Barack Obama finds himself haunted by the '60s
Will the taint of the late 1960s and early '70s -- at least as it affects mainstream politics -- ever fade?
Barack Obama, who was grade-school age during the peak of the counter culture, could be excused for muttering that question to himself after Wednesday night's debate in Philadelphia on ABC-TV.
Throughout much of its first half, the faceoff with Hillary Clinton must have seemed like a root canal for him -- and no more so than when his links (however tenuous) to an extremist from the days when radicalism was often the norm on college campuses was explored.
As we noted in a running blog on the debate, questioners Charles Gibson and George Stephanopoulos were in a no-win situation.
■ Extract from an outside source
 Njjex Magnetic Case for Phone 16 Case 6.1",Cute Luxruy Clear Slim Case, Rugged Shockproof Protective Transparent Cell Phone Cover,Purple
After a period when it seemed there was a debate every other day, almost two months had passed since the last one.
Gibson and Stephanopoulos could have ignored the various furors that have flared -- and been thoroughly covered -- over that time. But they would have been widely scorned had they done so.
So they raised the expected topics (and, as a result, have been widely scorned anyway): Rev. Jeremiah Wright's rants; the non-existent sniping in Bosnia; "bittergate."
The unexpected came when Stephanopoulos, under what he termed "the general theme of patriotism," asked Obama about "a gentleman named William Ayers (pictured above and, as a young man, below). He was part of the Weather Underground in the 1970s. They bombed the Pentagon, the Capitol, and other buildings. He's never apologized for that."
Ayers and his even more notorious wife, Bernadine Dohrn, were on the lam ...
from authorities for about 10 years. After various charges against them were either dropped or reduced, they became established parts of the progressive political scene in Chicago (both are college professors).
And they reside in Obama's neighborhood. Stephanopoulos noted that "an early organizing meeting for your state Senate campaign was held" at their house "and your campaign has said you are 'friendly.' "
He asked Obama to "explain that relationship for the voters and explain to Democrats why it won't be a problem?"
Obama, who a moment before had complained about "manufactured" issues, responded: "George ... this is an example of what I've been talking about. This is a guy who lives in my neighborhood, who's a professor of English in Chicago who I know and who I have not received some official endorsement from. He's not somebody who I exchange ideas from on a regular basis.
"And the notion that somehow as a consequence of me knowing somebody who engaged in detestable acts 40 years ago, when I was 8 years old, somehow reflects on me and my values doesn't make much sense, George."
Obama had made his point and probably would have been well-advised to stop there. Instead, he struck a blow against bipartisanship by mentioning that he is friends with Sen. Tom Coburn of Oklahoma, who he termed "one of the most conservative Republicans" in the Senate and a politician who "once said that it might be appropriate to apply the death penalty to those who carried out abortions."
Continued Obama: "Do I need to apologize for Mr. Coburn's statements? Because I certainly don't agree with those, either.
"So this kind of game in which anybody who I know, regardless of how flimsy the relationship is, that somehow their ideas could be attributed to me, I think the American people are smarter than that. They're not going to suggest somehow that that is reflective of my views, because it obviously isn't."
Clinton, seeing an opening, went through it, noting that Obama had served with Ayers on the board of a philanthropic education foundation in Chicago. And she mentioned that an article about Ayers, in which he said he did not regret setting off bombs, happened to run in the New York Times on 9/11.
Her blow landed, she added: "I know Sen. Obama's a good man and I respect him greatly, but I think that this is an issue that certainly the Republicans will be raising."
Well, yes ... and now with her imprimatur.